• Assignment: Lines before the one containing "La lactancia materna" are excluded; print that line and every line after it through the end of the material below, exactly.

• Record extracts:
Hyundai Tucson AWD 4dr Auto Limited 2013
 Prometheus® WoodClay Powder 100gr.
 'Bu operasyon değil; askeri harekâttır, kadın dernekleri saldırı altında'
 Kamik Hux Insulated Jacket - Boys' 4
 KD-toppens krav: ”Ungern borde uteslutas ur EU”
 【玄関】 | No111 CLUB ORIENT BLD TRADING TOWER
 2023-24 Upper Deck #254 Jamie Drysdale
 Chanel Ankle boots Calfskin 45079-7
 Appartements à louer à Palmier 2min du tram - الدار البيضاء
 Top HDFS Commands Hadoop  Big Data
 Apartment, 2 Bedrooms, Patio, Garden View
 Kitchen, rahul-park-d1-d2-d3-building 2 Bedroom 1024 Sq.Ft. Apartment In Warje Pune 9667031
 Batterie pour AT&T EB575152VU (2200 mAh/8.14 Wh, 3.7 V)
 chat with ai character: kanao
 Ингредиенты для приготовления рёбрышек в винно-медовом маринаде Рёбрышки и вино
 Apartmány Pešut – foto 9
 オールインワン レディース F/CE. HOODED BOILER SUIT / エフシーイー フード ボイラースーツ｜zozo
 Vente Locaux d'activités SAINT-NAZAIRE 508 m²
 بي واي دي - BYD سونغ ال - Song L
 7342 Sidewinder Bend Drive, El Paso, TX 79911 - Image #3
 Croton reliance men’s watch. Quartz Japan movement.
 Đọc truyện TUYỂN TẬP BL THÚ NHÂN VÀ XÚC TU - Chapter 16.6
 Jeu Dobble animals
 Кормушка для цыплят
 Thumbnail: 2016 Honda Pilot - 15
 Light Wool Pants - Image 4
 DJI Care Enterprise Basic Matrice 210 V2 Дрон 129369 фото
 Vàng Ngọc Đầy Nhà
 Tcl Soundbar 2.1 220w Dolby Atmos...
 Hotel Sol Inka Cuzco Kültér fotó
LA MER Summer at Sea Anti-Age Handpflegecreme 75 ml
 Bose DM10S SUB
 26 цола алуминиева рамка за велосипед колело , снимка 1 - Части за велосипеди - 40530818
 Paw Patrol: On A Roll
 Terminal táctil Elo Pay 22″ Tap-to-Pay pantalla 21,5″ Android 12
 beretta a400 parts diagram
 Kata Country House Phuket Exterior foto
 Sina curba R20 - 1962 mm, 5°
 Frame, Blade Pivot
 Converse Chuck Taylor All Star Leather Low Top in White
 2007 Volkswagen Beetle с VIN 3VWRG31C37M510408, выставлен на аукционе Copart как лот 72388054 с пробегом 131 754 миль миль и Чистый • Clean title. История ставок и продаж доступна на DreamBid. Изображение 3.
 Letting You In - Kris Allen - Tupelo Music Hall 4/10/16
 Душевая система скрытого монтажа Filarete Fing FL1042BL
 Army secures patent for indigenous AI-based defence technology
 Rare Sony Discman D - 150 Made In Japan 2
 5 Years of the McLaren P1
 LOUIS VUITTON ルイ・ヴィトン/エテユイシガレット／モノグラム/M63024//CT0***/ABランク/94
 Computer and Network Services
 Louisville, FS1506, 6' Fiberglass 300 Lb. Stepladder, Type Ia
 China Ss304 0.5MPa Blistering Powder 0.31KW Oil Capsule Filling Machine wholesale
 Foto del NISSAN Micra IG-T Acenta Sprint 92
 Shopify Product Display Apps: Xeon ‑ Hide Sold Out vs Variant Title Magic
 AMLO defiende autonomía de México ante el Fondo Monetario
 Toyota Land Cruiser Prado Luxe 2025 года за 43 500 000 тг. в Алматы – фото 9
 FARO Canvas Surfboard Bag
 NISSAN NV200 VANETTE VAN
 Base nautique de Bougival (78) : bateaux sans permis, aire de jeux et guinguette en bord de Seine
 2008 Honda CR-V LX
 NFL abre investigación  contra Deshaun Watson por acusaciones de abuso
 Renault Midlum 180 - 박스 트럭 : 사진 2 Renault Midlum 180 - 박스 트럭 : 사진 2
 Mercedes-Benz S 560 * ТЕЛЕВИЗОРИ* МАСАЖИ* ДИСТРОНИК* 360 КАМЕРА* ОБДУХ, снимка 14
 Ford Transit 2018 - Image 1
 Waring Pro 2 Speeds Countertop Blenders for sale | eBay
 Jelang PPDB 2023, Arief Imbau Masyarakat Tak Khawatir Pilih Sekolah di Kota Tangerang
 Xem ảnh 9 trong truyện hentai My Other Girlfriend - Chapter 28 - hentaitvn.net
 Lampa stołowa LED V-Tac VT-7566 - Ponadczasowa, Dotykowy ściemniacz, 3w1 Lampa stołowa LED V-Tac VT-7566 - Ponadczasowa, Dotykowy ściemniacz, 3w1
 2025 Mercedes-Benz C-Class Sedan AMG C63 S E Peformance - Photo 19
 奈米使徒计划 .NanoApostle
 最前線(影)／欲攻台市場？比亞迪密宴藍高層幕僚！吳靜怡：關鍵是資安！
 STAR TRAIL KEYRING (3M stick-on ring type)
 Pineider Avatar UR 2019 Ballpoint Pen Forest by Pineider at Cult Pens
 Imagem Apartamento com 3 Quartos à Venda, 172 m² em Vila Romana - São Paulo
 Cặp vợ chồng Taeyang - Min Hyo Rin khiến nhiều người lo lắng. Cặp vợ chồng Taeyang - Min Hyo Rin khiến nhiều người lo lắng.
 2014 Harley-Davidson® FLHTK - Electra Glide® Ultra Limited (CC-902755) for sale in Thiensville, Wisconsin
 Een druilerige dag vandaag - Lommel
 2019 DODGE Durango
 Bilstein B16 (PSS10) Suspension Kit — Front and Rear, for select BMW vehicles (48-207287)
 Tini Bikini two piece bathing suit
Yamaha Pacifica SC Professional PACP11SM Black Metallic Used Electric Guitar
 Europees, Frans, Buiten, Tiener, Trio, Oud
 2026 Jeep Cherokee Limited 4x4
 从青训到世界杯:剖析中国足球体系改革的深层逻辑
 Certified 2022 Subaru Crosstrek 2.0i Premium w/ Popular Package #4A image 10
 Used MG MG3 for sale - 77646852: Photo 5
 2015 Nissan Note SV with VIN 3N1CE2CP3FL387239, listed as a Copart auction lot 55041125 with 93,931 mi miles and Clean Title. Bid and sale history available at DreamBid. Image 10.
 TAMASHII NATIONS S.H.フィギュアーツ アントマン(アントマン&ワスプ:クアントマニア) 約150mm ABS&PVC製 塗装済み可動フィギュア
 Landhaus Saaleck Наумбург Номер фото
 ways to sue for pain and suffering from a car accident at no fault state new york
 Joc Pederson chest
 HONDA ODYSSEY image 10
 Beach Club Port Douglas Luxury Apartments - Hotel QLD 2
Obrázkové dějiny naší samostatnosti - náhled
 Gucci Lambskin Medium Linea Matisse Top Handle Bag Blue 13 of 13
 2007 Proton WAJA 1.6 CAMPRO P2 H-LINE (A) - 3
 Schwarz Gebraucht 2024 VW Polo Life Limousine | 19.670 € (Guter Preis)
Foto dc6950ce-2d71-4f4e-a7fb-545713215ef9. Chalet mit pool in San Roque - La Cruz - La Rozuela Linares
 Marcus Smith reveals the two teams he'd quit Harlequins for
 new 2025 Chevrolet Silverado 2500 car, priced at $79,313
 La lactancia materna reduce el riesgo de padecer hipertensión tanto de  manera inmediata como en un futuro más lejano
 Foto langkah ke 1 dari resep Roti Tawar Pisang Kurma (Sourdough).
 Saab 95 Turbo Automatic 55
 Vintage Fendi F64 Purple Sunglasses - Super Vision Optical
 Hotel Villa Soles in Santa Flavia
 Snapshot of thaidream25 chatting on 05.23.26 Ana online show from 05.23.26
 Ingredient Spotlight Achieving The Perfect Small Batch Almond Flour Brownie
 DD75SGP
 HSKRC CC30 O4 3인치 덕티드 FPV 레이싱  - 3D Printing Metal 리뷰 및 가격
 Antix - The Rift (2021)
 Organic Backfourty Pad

• Result:
 La lactancia materna reduce el riesgo de padecer hipertensión tanto de  manera inmediata como en un futuro más lejano
 Foto langkah ke 1 dari resep Roti Tawar Pisang Kurma (Sourdough).
 Saab 95 Turbo Automatic 55
 Vintage Fendi F64 Purple Sunglasses - Super Vision Optical
 Hotel Villa Soles in Santa Flavia
 Snapshot of thaidream25 chatting on 05.23.26 Ana online show from 05.23.26
 Ingredient Spotlight Achieving The Perfect Small Batch Almond Flour Brownie
 DD75SGP
 HSKRC CC30 O4 3인치 덕티드 FPV 레이싱  - 3D Printing Metal 리뷰 및 가격
 Antix - The Rift (2021)
 Organic Backfourty Pad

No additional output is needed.